### DIRECTIONS
Of the material below, only the lines from the line containing "Chery Arrizo 8 1.6T DCT Premium - ფოტო 12" down to the line containing "CHEVROLET CAPTIVA 2.0 VCDi LTX" belong in the answer, written out exactly.

*** DATA TO USE ***

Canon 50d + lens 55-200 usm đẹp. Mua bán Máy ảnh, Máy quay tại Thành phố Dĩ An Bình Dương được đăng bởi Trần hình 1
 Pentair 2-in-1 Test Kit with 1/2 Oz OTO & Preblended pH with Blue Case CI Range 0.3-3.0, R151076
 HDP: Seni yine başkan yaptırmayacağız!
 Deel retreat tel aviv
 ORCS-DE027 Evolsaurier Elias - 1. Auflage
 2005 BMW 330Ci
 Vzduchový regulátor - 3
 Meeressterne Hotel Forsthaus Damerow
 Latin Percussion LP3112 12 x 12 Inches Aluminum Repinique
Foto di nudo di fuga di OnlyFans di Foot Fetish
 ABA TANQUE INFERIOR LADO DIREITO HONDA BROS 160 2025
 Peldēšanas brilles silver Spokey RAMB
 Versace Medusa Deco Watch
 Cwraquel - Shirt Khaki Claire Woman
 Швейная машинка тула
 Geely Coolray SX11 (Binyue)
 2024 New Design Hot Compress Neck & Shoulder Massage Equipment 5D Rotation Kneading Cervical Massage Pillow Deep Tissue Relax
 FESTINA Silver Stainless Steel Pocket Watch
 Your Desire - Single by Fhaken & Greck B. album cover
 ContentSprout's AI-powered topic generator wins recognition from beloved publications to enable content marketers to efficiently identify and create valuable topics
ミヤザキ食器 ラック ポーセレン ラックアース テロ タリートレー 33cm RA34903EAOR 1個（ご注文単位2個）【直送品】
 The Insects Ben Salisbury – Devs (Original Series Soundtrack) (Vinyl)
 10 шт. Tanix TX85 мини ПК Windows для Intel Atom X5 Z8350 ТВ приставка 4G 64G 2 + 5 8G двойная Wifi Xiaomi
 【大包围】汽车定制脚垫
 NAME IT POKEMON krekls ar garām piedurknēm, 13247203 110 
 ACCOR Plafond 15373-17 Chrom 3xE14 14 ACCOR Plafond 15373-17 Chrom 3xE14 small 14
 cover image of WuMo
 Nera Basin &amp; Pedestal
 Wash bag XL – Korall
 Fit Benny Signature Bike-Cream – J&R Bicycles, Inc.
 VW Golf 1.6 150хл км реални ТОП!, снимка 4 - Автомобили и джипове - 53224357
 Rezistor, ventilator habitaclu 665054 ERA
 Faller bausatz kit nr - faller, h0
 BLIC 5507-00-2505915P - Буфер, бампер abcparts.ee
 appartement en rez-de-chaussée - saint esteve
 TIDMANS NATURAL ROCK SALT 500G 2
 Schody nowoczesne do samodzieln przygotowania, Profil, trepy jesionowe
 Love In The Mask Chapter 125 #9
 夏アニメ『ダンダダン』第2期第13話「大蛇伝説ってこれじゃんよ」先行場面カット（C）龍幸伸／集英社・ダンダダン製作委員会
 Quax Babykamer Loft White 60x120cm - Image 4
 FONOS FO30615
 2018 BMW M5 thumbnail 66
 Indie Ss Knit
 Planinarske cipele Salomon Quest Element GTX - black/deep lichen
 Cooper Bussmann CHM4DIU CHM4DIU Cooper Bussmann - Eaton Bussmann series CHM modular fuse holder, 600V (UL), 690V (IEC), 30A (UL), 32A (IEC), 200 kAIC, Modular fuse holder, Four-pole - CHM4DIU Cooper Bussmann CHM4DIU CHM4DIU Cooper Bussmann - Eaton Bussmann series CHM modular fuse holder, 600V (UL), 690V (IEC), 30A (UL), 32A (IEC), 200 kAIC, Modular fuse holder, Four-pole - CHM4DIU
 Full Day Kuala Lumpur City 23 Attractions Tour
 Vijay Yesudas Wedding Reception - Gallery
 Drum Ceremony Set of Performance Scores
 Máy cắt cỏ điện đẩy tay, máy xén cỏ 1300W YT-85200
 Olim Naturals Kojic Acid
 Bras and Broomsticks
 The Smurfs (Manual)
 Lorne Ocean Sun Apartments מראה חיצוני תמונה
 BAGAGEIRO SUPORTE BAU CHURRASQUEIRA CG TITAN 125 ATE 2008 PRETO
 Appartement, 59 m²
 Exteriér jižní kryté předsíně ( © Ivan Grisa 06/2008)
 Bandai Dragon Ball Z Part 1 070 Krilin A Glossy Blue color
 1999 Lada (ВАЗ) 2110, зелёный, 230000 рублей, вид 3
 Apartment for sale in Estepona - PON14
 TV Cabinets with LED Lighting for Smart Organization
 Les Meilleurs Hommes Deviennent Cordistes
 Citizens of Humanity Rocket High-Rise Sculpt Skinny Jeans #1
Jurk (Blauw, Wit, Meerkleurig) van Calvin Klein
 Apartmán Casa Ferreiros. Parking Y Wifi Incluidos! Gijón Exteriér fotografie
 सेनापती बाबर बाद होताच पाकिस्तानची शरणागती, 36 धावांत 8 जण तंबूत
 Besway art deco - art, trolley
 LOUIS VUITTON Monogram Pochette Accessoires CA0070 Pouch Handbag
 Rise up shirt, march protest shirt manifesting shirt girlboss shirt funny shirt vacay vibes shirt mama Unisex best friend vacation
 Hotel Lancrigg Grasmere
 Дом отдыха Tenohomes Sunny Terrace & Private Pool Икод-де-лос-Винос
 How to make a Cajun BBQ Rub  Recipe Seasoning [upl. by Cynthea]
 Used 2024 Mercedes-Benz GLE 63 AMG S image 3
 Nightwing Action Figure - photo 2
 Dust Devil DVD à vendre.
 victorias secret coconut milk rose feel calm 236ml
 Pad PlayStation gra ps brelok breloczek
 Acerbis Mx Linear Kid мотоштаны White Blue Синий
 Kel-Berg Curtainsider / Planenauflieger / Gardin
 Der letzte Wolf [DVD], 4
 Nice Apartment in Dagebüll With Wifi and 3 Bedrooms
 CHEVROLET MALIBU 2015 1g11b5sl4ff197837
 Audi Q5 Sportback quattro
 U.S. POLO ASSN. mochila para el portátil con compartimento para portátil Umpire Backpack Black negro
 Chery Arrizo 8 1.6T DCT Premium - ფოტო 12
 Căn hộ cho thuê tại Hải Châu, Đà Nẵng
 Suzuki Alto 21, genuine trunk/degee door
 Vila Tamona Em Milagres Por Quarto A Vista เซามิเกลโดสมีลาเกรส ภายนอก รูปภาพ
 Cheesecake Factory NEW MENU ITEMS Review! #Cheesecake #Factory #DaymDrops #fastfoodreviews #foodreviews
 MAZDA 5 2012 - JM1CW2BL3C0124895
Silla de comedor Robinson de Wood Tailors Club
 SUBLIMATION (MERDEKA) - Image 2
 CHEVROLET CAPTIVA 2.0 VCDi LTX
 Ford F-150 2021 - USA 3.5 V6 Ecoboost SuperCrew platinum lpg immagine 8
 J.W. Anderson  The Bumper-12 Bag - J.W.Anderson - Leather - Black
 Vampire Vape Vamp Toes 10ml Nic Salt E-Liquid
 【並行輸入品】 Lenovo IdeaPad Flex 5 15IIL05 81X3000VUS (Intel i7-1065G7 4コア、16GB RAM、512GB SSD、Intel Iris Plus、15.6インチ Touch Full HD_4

*** End of DATA TO USE ***

### TASK SOLUTION
 Chery Arrizo 8 1.6T DCT Premium - ფოტო 12
 Căn hộ cho thuê tại Hải Châu, Đà Nẵng
 Suzuki Alto 21, genuine trunk/degee door
 Vila Tamona Em Milagres Por Quarto A Vista เซามิเกลโดสมีลาเกรส ภายนอก รูปภาพ
 Cheesecake Factory NEW MENU ITEMS Review! #Cheesecake #Factory #DaymDrops #fastfoodreviews #foodreviews
 MAZDA 5 2012 - JM1CW2BL3C0124895
Silla de comedor Robinson de Wood Tailors Club
 SUBLIMATION (MERDEKA) - Image 2
 CHEVROLET CAPTIVA 2.0 VCDi LTX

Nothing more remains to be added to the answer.